▶ TASK OBJECTIVE: Each record is to be printed again exactly, though not its pictures.

▶ ENTRIES SUPPLIED:
= Beginning of Section =

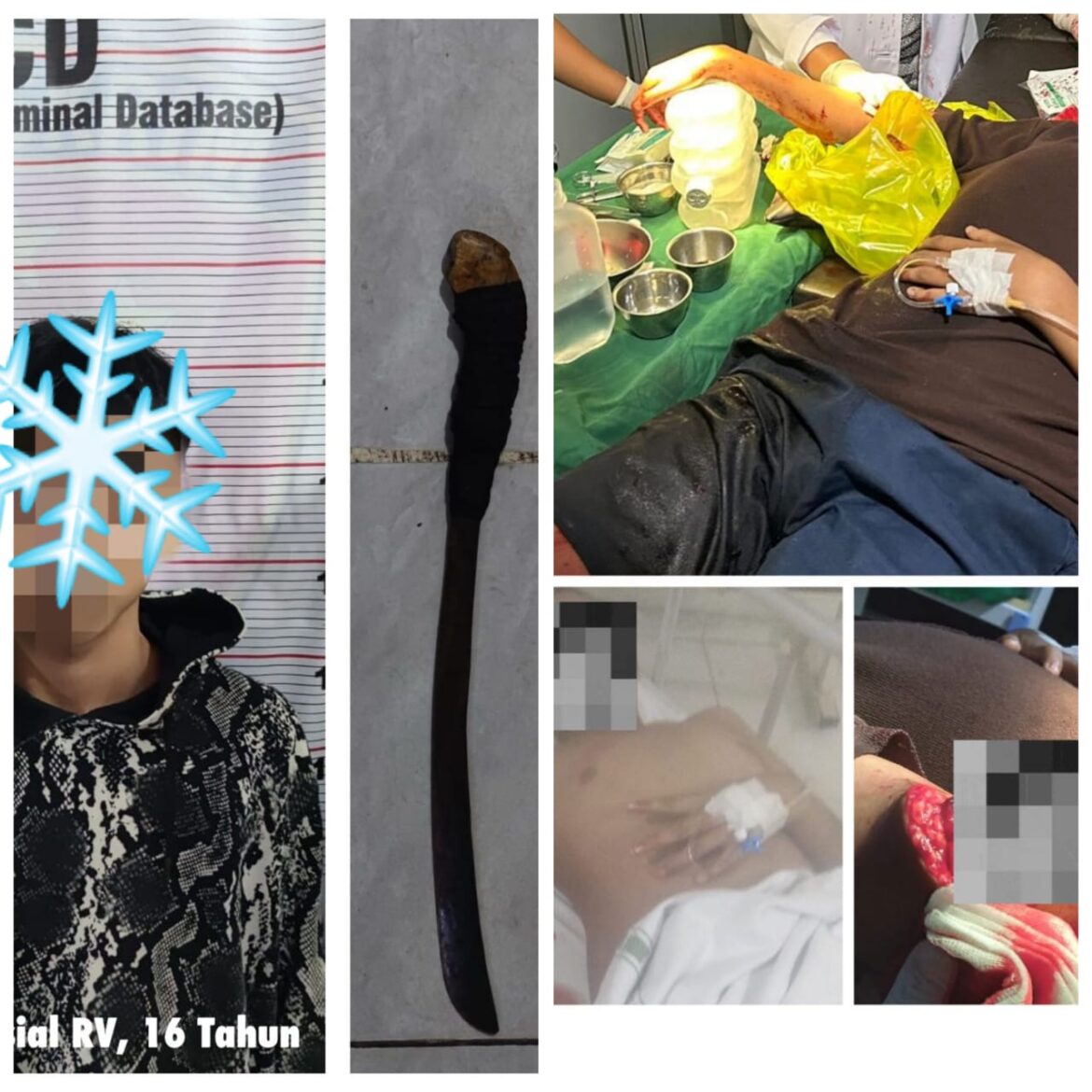 KORBAN ANIAYA - Geng motor yang diduga sempat tawuran hingga seorang korban mengalami luka serius akibat diserang pelaku yang kini sudah dtangkap, Minggu (23/6/2024) dinihari. (foto:ist)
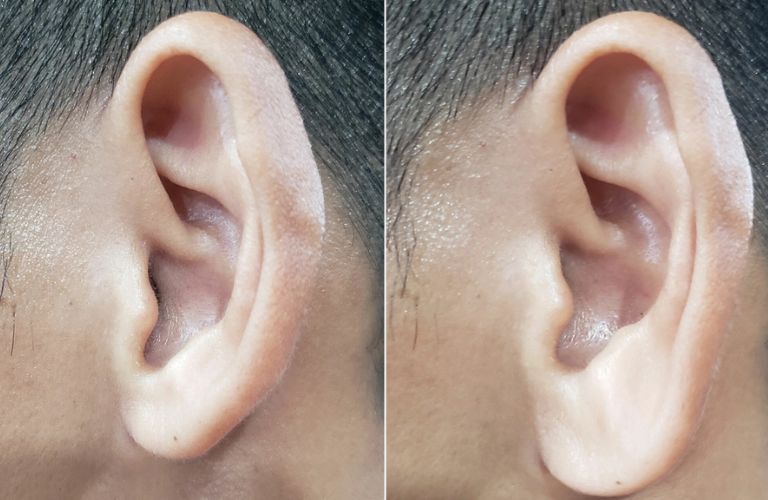 Tiêm Filler tai giúp cải thiện tướng số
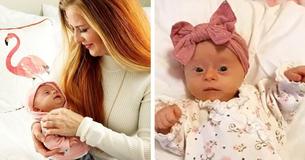 Une maman pour la première fois a publié un avis sur sa magnifique fille atteinte du syndrome de Down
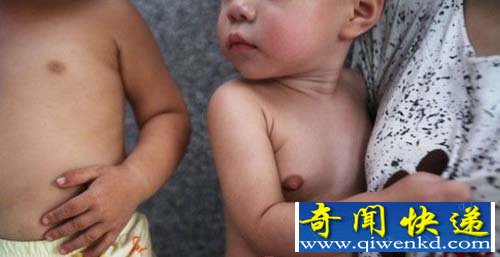 广州一岁半女婴乳房发育如少女 性早熟【图讯】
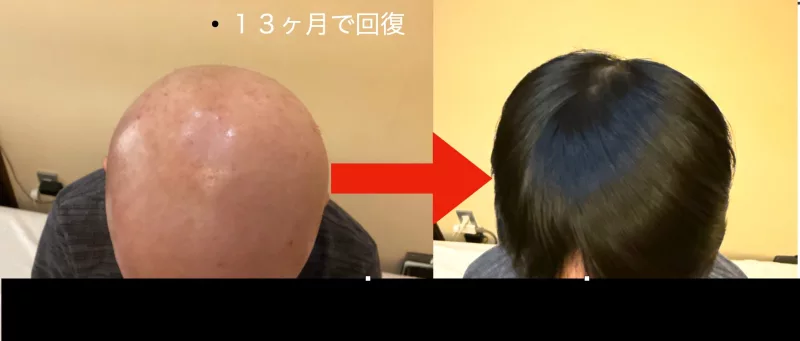 円形脱毛症の治療・回復例04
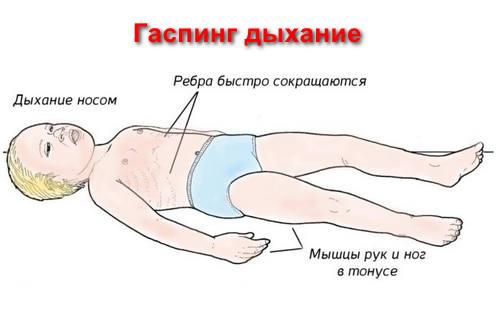 гаспинг дыхание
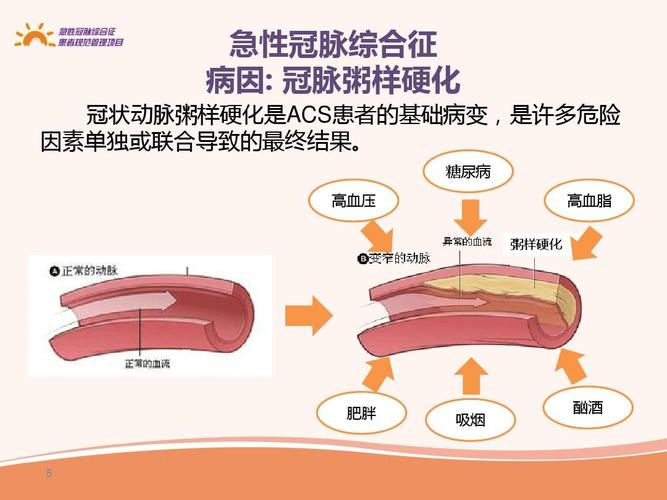 急性冠脉综合征疾病知识及生活防治措施.ppt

= End of Section =

▶ THE COMPLETED TASK:
 KORBAN ANIAYA - Geng motor yang diduga sempat tawuran hingga seorang korban mengalami luka serius akibat diserang pelaku yang kini sudah dtangkap, Minggu (23/6/2024) dinihari. (foto:ist)
 Tiêm Filler tai giúp cải thiện tướng số
 Une maman pour la première fois a publié un avis sur sa magnifique fille atteinte du syndrome de Down
 广州一岁半女婴乳房发育如少女 性早熟【图讯】
 円形脱毛症の治療・回復例04
 гаспинг дыхание
 急性冠脉综合征疾病知识及生活防治措施.ppt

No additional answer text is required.